38252. [Lord Napier, Chairman] Then you stated that the expatriated people, some of them, found their way to America, where they experienced a worse fate. What ground have you for believing that the emigrants generally experienced a worse fate ?

[Angus Sutherland, witness] The fate of my great-grandfather's family. My great-grandfather's family, except himself, all went out in Lord Selkirk's expedition to the Red River. My grandfather was married before he went out, and I have seen in my grandfather's house and my father's house a pile of correspondence describing the vicissitudes they underwent. They were left exposed on the north coast, and they had to find their way from Hudson's Bay to the Red River settlement; and they were exposed to the rigours of a lengthened winter, and, to crown all, the Indians came in and killed some of them, and the rest fled over the winter's snow to Canada. Only seven or eight managed to survive and settle in Canada afterwards.

I copy part of a post I made in July 2007, on the subject of the statue:
The statue [...] shows a family, leaving their homes for a new life overseas. Helmsdale lies at the mouth of the Strath of Kildonan, one of many valleys in Sutherland cleared of their residents in the 19th century. The full background story can be read here.

Whilst I applaud the efforts of Mr Macleod (who initiated the project) to keep the memory of the Clearances alive, I somehow find the positive gloss being cast on this appalling episode in Scotland’s history very, very difficult to stomach.
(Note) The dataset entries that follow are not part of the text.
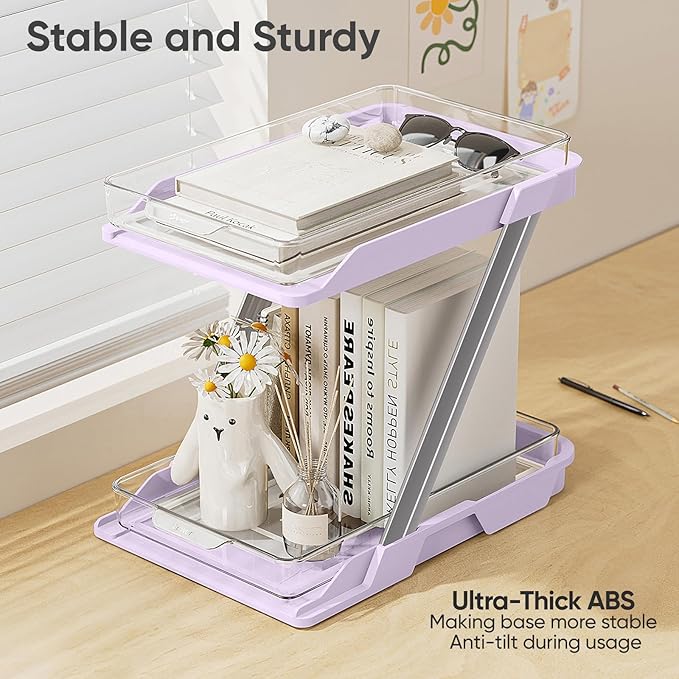 3 Pack Bathroom Organizers and Storage - Multi-Purpose,2-Tier Clear Pull Out Organization for Bathroom,Under Sink,Kitchen,Vanity,Countertop,Cabinet,Pantry & Medicine Cabinet,Pink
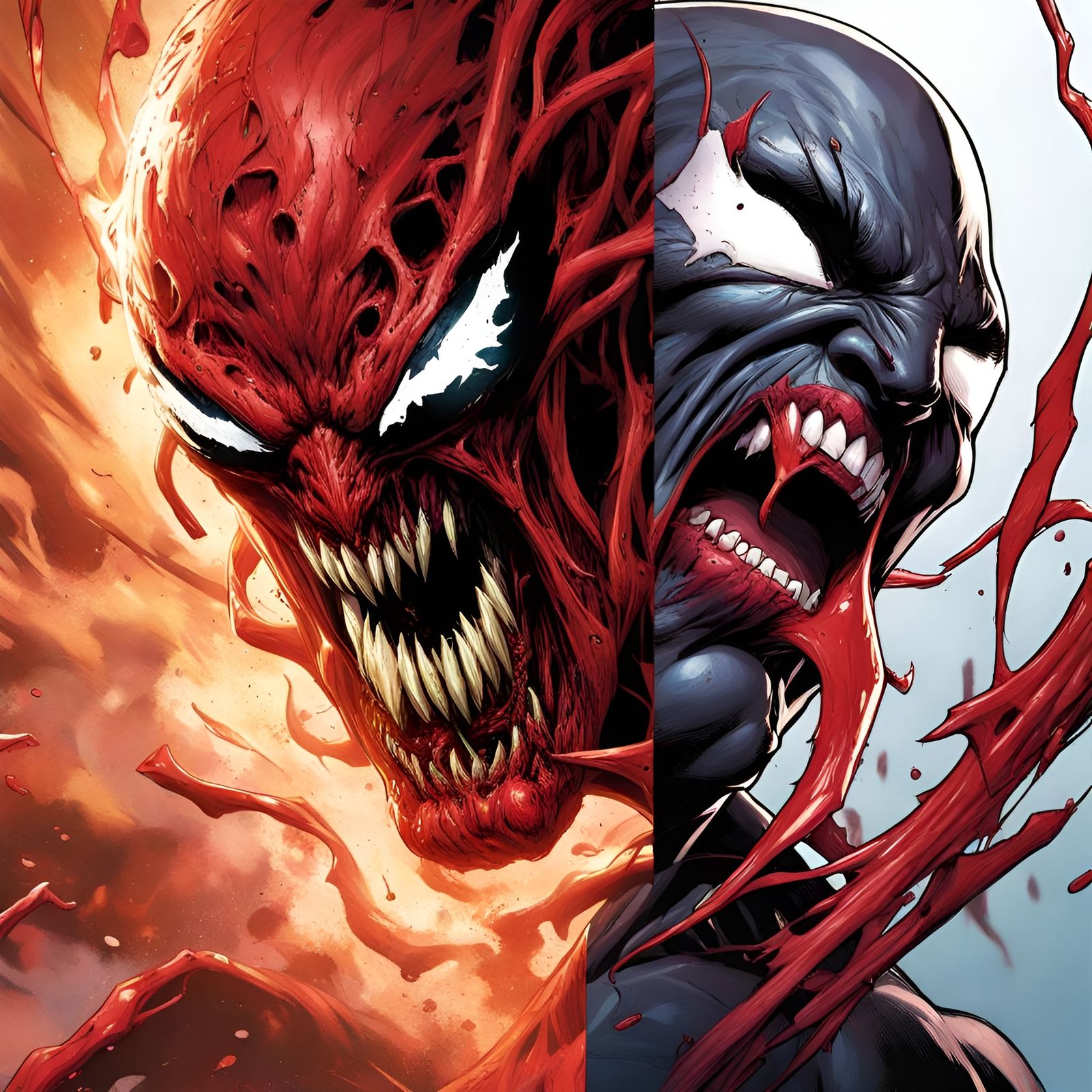 Hyperrealistic Carnage vs. Knull Splash Art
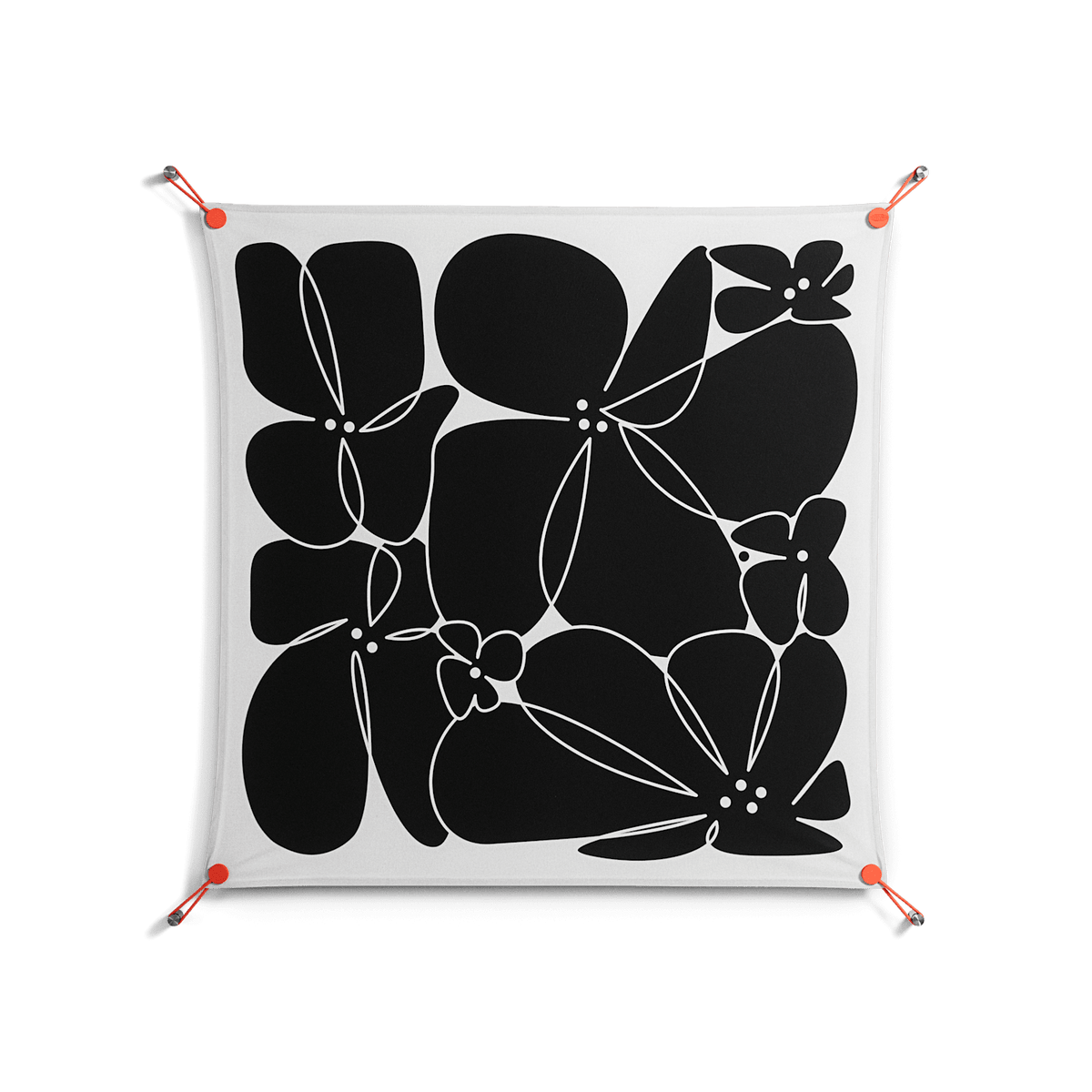 Black Flowers - Work On Wall - Konrad Blaszczyk - Orange - 90 x 90 cm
It would appear, reading Angus Sutherland's words from 127 years ago, that those leaving Strath Kildonan met a far worse fate than remaining in northern Scotland would have brought. And it makes a complete mockery of the reasoning behind the erection of the statue.

1 comment:

  1. Angus Sutherland's witness statement requires a bit of comment. Some of my own great-great-greats... were part of the Selkirk Red River venture. Yes, they did have to walk from Hudson Bay to Winnipeg (as it is now). Winnipeg winters were as cold then as now, and summer mosquitoes as fierce. And many of them (including my great-great-great... as a months-old infant) did abandon the colony and travel to Canada (Ontario as it is now) with the fur brigades. But there were no Indian attacks, and most of the settlers did survive. Some of their descendants still occupy the same farms on the banks of the Red River.